If she doesn't get her way she will monster on you. She isn't the person you knew right now so you have to look out for yourself and kids. Don't let your guard down! In my experience they will try anything and everything to get their way and find new people to support them and abandon those that don't.
Your right something big will come of this. At a minimum you will become closer to your kids, a better parent, and a better person. I know it's hard but keep your expectations from them at zero.
Yes, it isn't out of the ordinary for them to leave everything behind. She's running hard. I wouldn't be surprised if she tried to come back for it at some point but some leave it all behind.
If the attorney you saw doesn't know what to do maybe talk to someone else. I think in your case an emergency custody order would be justified. Her taking just one of your children shows how far out of it she is. This is not good for your kids, they will grow closer to each other (and you) through this and need each other. It is also unhealthy for a child to have her putting her needs on him, he needs his siblings. You don't have to file for D (put that on her) but be sure to protect yourself and kids.
My xw also talked a lot about life insurance at the beginning, they are afraid of the realization of mortality. She never made comments about suicide though and that is really troubling. She sounds very depressed. I hope she will get some help.

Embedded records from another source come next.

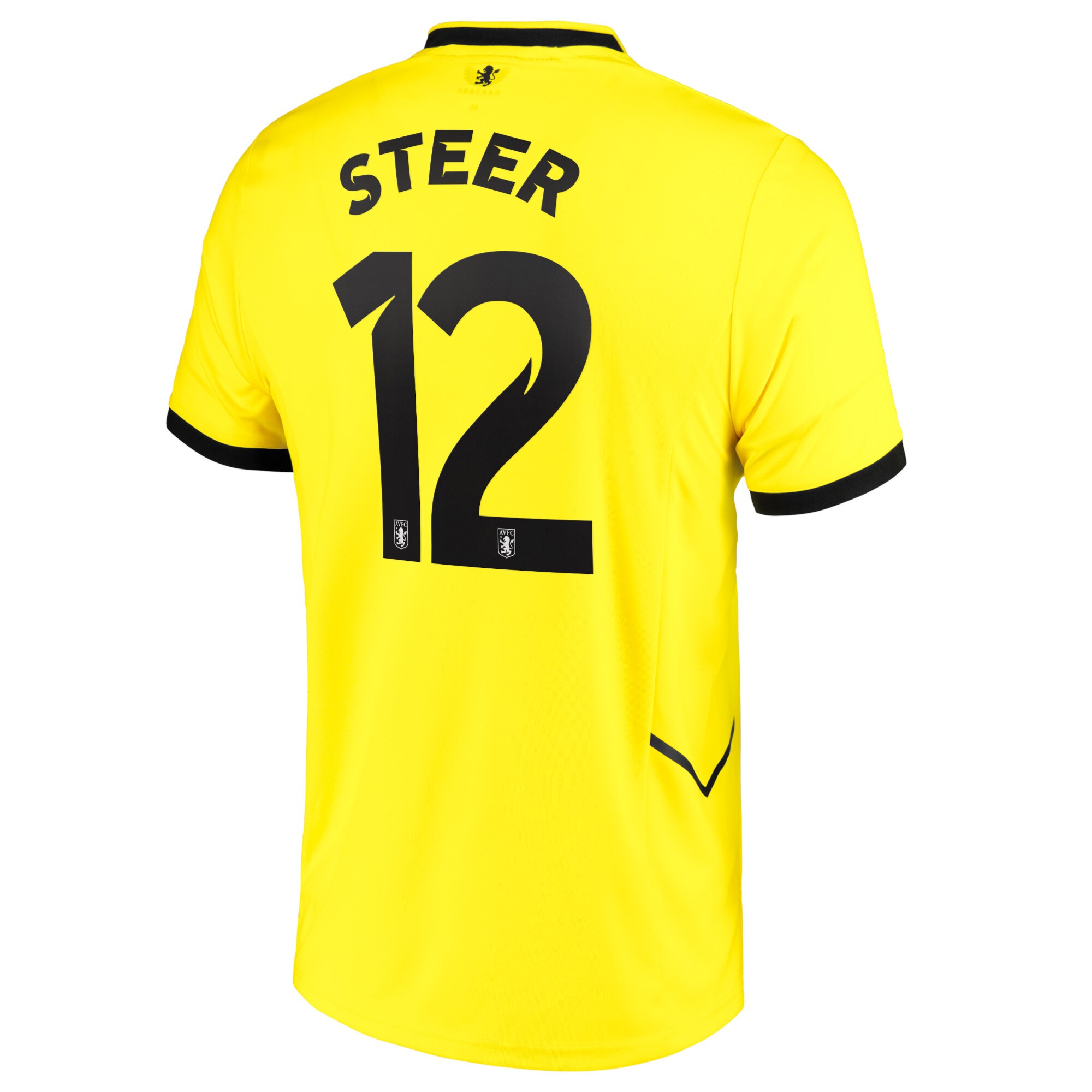 Aston Villa Cup Third Goalkeeper Shirt 2022-23 with Steer 12 printing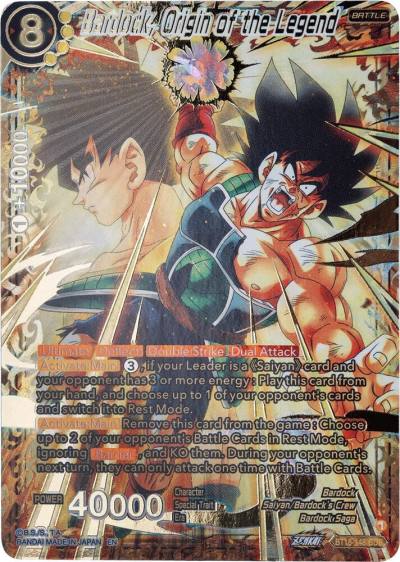 Bardock Origin of the Legend GDR BT18-148 Dawn of the Z-Legends Dragonball Super card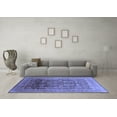 thumbnail image 3 of Ahgly Company Machine Washable Indoor Rectangle Oriental Blue Traditional Area Rugs, 2' x 3', 3 of 4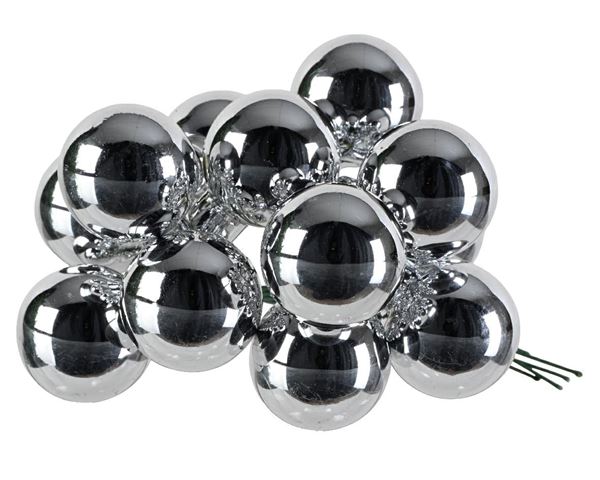 MZ.12 BAUBLES GLASS DIA2.50CM SILVER-en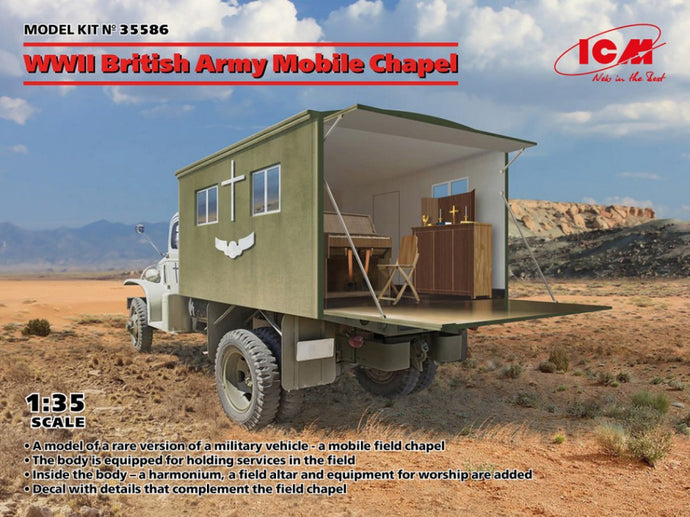 WWII BRITISH ARMY MOBILE CHAPEL KIT 1:35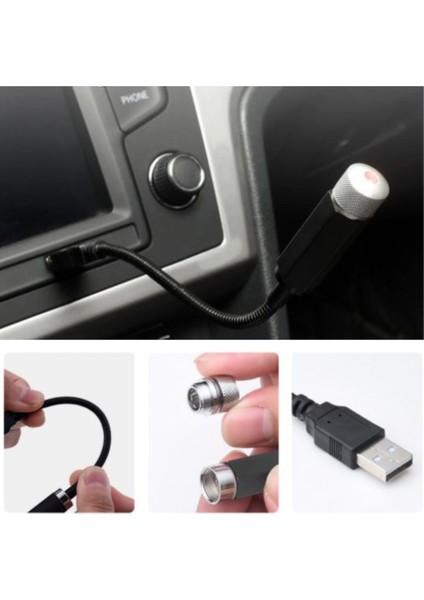 Araç İçi USB Kırmızı LED Işık indirimleri
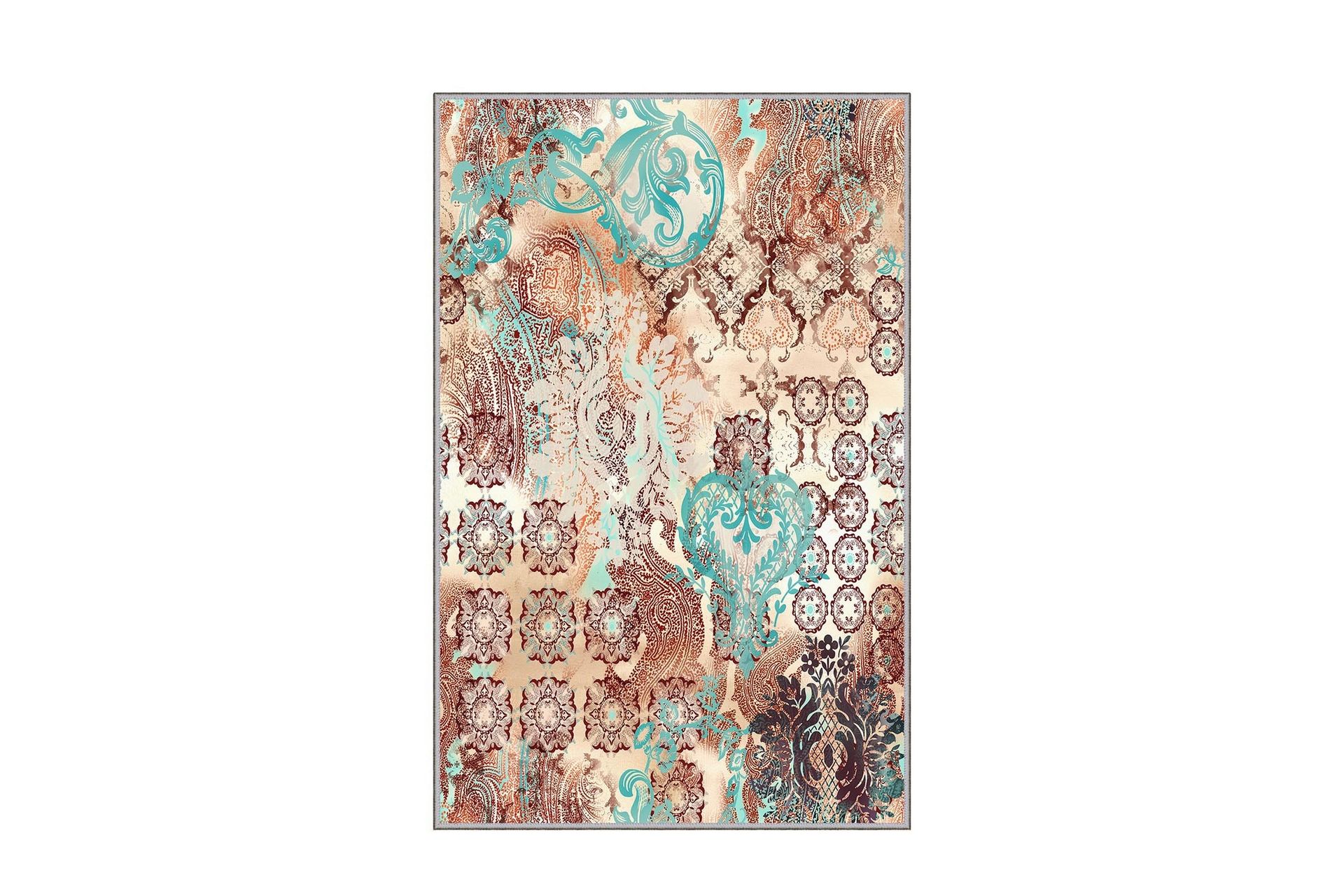 Homefesto Matto 140x220 cm - Monivärinen - Kodintekstiilit & matot - Matto - Itämainen matto - Persialainen matto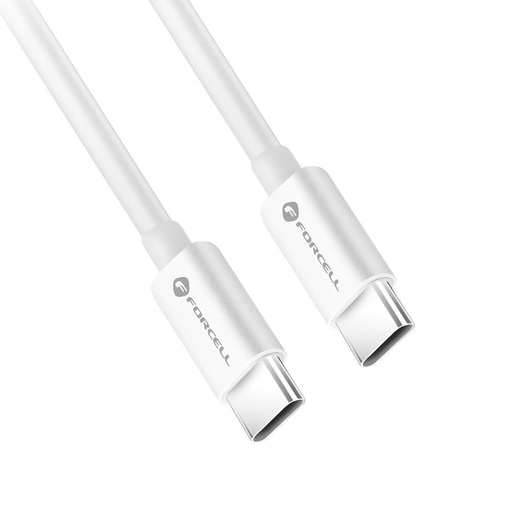 Forcell F-ENERGY C339 USB-C / USB-C kabel PD QC4.0 5A 100W (Biały) - 3m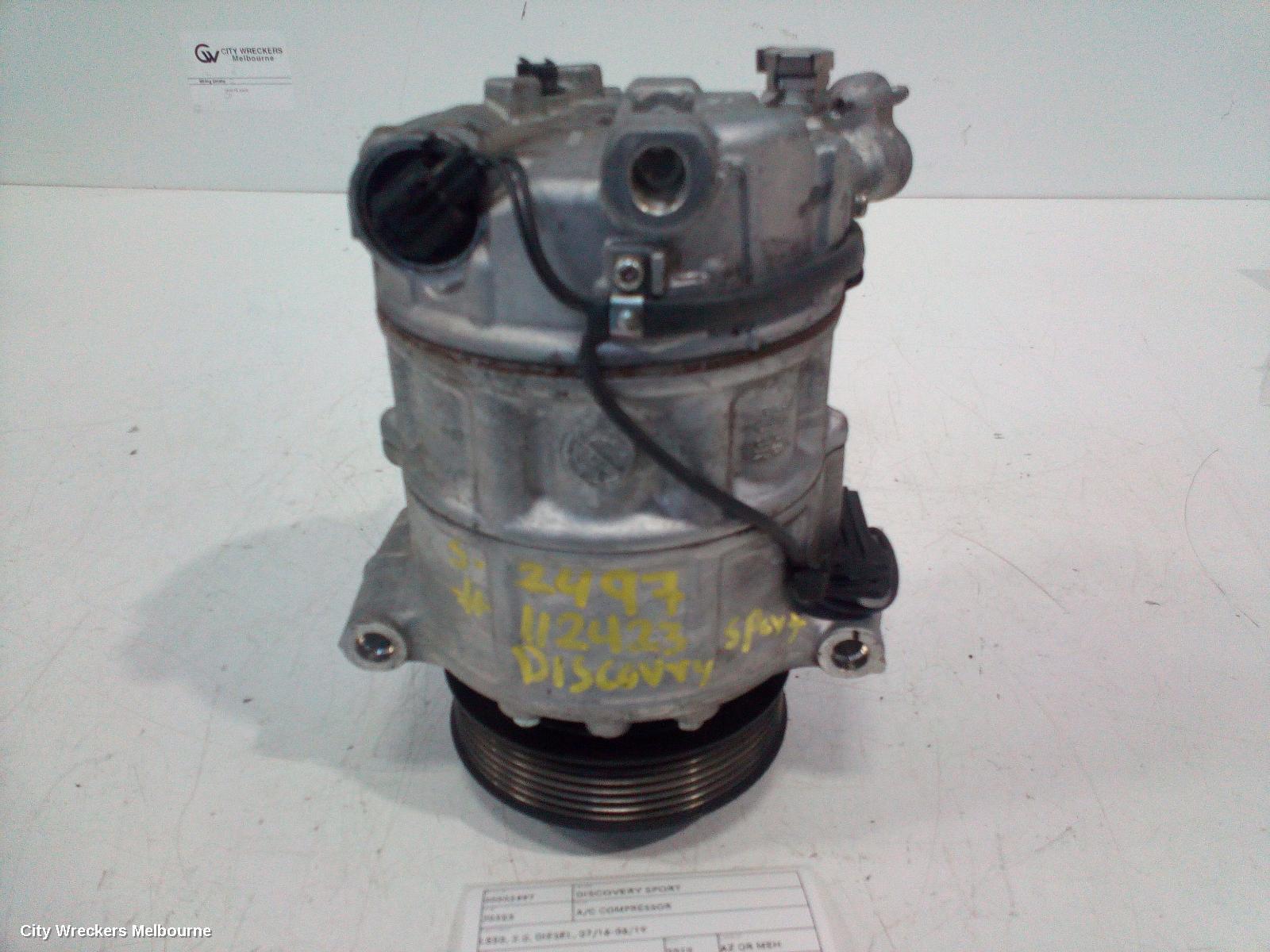 LAND ROVER DISCOVERY SPORT 2019 A/C Compressor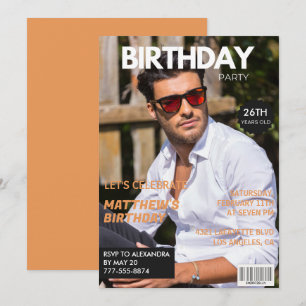26th birthday invitations for him Magazine Cover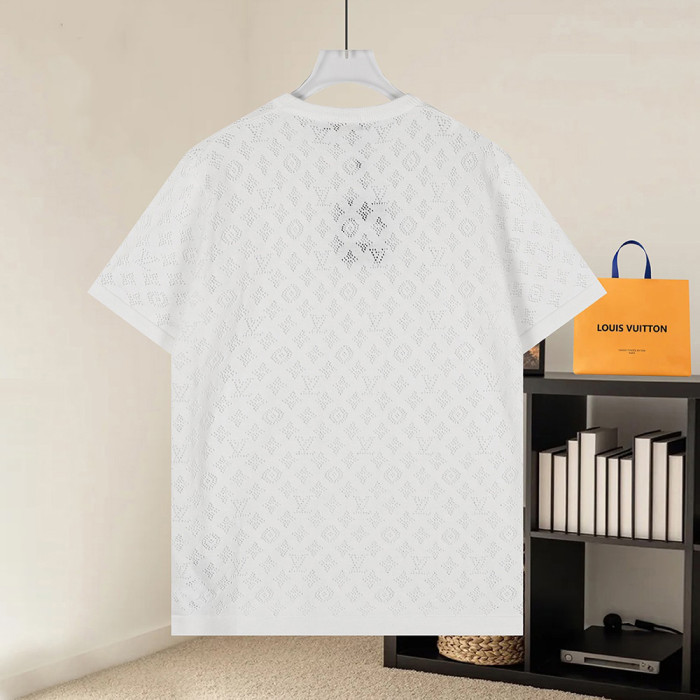Men Women Knit T-shirt Short Sleeve T-shirt Pullover Tops Sweatshirt Unisex Tee Casual T-shirt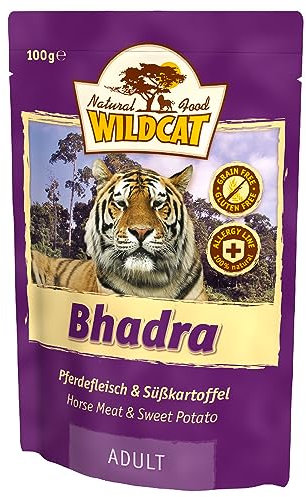 Wildcat Bhadra mit Pferdefleisch und Süßkartoffel Nassfutter 7 x 100 g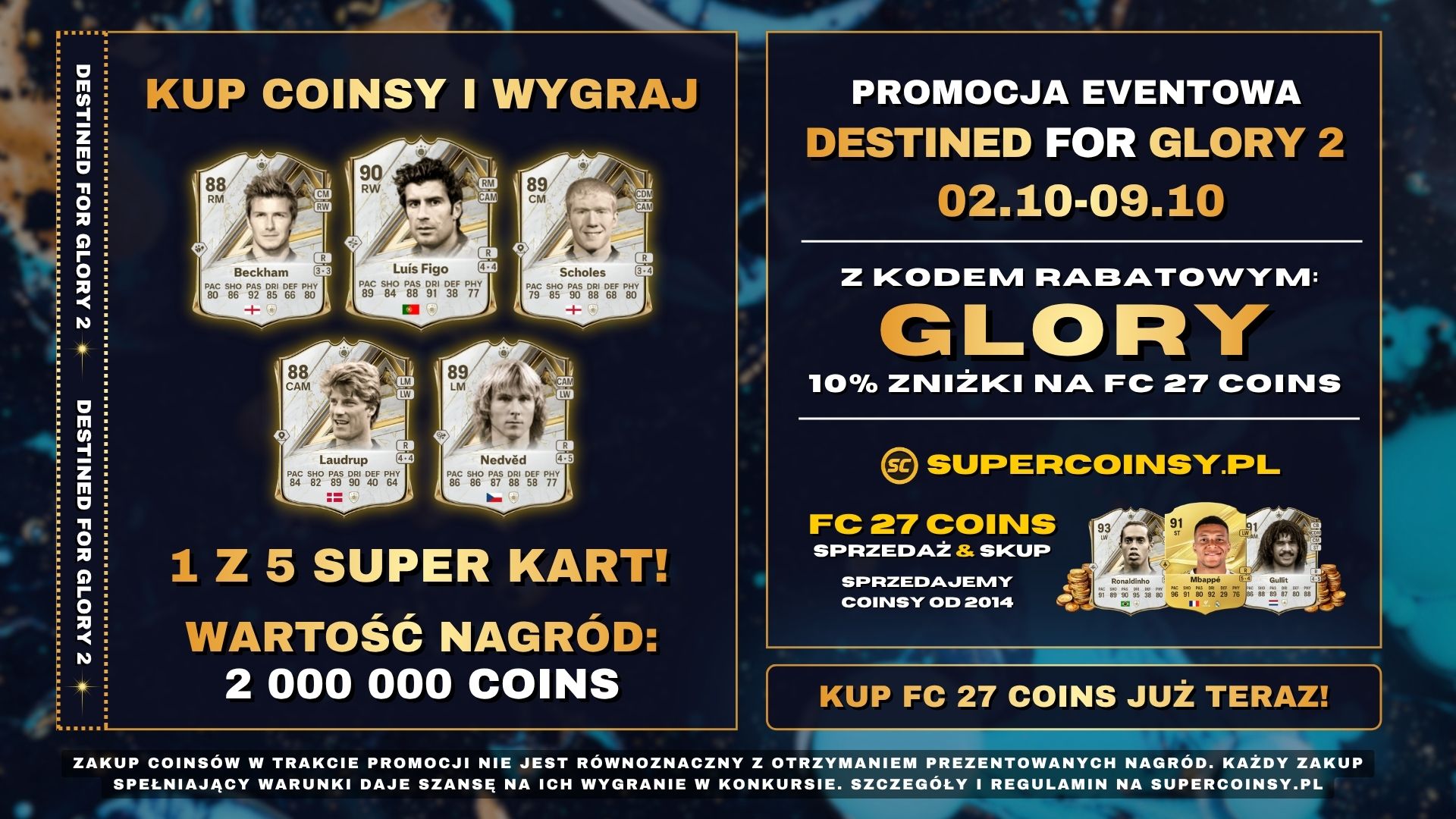 DESTINED FOR GLORY 2 Promocja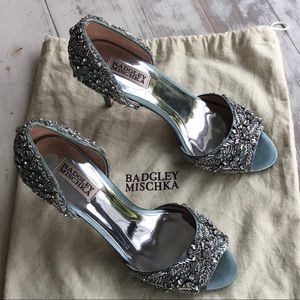 Badgley Mischka beaded heels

Also, in regard to all the awful things she said to you, don't believe what they say. She is miserable and wants you to feel the same. I heard very similar things at the beginning. She can't see it's her and is blaming the closest person to her for her unhappiness.
My xw also had a bad childhood, it's a common theme. Some MLCers will regress back to these times when they were stunted. You can't help them, they have to work through it for themselves.
I think you're doing better than you think, take care of your kids and yourself. Don't settle for anything less than you and your kids deserve.